Neural population dynamics of computing with synaptic modulations

  1. Kyle Aitken  Is a corresponding author
  2. Stefan Mihalas
  1. Allen Institute, MindScope Program, United States
7 figures, 1 table and 1 additional file

Figures

Two neural network computational mechanisms: synaptic modulations and recurrence.

Throughout this figure, neurons are represented as white circles, the black lines between neurons represent regular feedforward weights that are modified during training through gradient descent/backpropagation. From bottom to top are the input, hidden, and output layers, respectively. (Middle) A two-layer, fully connected, feedforward neural network. (Left) Schematic of the MPN. Here, the pink and black lines (between the input and hidden layer) represent weights that are modified by both backpropagation (during training) and the synapse modulation matrix (during an input sequence), see Equation 1. (Right) Schematic of the Vanilla RNN. In addition to regular feedforward weights between layers, the RNN has (fully connected) weights between its hidden layer from one time step to the next, see Equation 3.

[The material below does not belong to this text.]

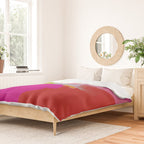 landscape in red with pink abstract art Duvet Cover Gallery Image 2
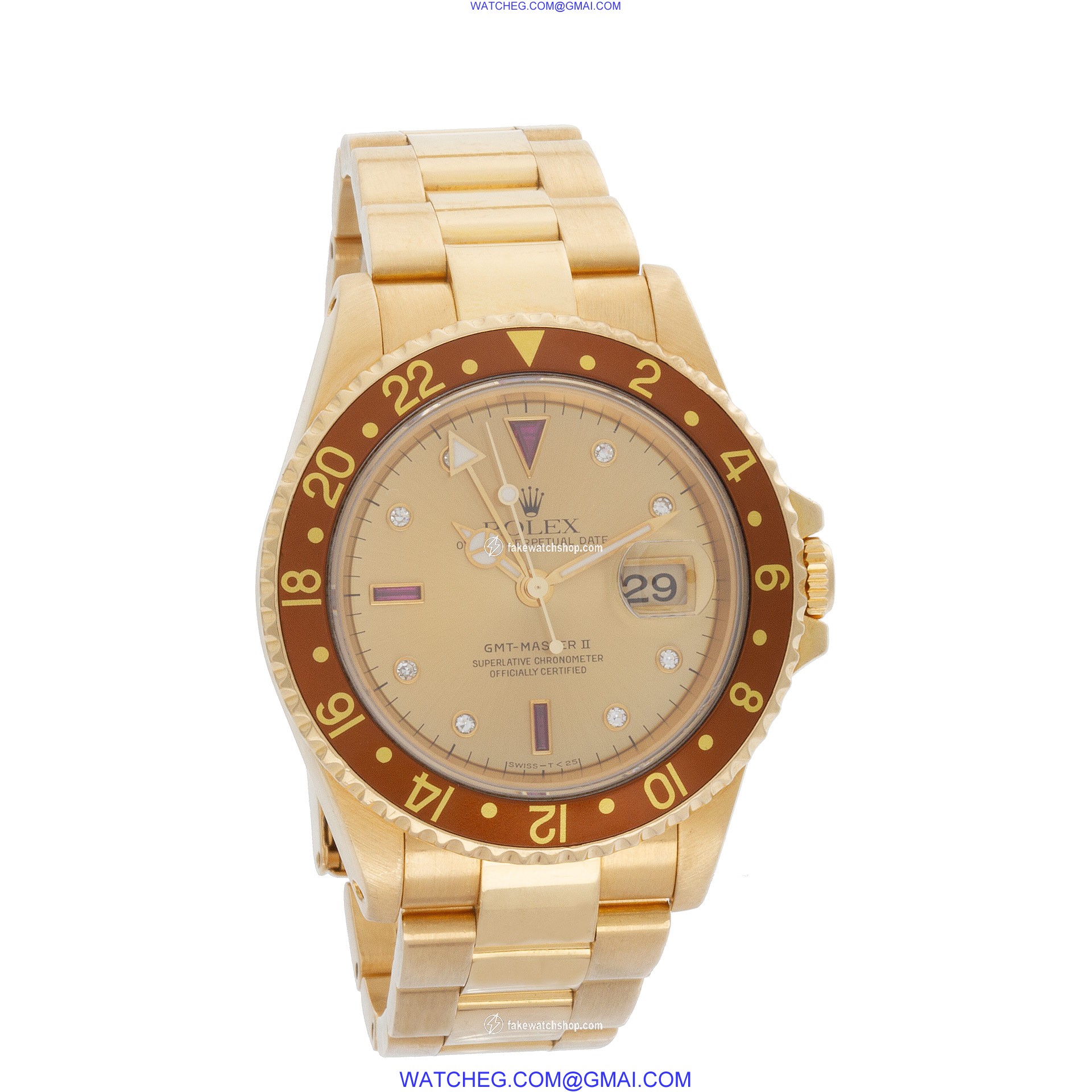 Rolex 16710 GMT-Master Automatic Male 18k yellow gold 4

Schematic of simple integration task.

(a) Example sequence of the two-class integration task where each box represents an input. Here and throughout this work, distinct classes are represented by different colors. In this case, red and blue. The red/blue boxes represent evidence for their respective classes, while the grey box represents an input that is evidence for neither class. At the end of the sequence is the ‘go signal’ that lets the network know an output is expected. The correct response for the sequence is the class with the most evidence; in the example shown, the red class. (b) Each possible input is mapped to a (normalized) random binary vector. (c) The integration task can be modified by the insertion of a ‘delay period’ between the stimulus period and the go signal. During the delay period, the network receives no input (other than noise).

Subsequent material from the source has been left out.